DATA RECORDS =>
+ + + + + + +
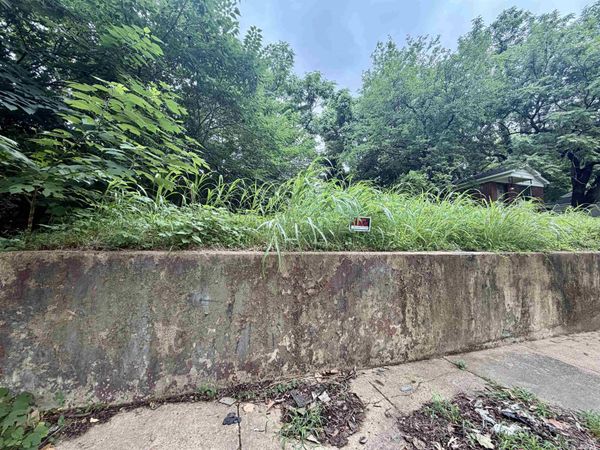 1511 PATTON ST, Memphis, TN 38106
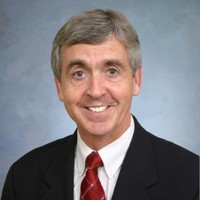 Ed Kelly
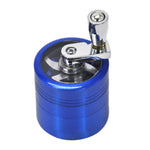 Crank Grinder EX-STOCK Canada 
+ + + + + + +
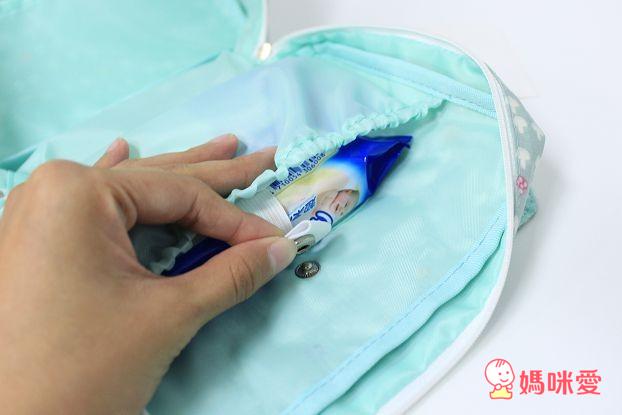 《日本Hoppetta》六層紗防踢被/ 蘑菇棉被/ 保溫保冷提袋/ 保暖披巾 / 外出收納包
+ + + + + + +
ABOUT THIS TASK => What do the entries above read from the line containing "1511 PATTON ST, Memphis, TN 38106" through the line containing "Crank Grinder EX-STOCK Canada"? Output those lines exactly, both ends included, with the pictures left out.

ANSWER BELOW =>
 1511 PATTON ST, Memphis, TN 38106
 Ed Kelly
 Crank Grinder EX-STOCK Canada 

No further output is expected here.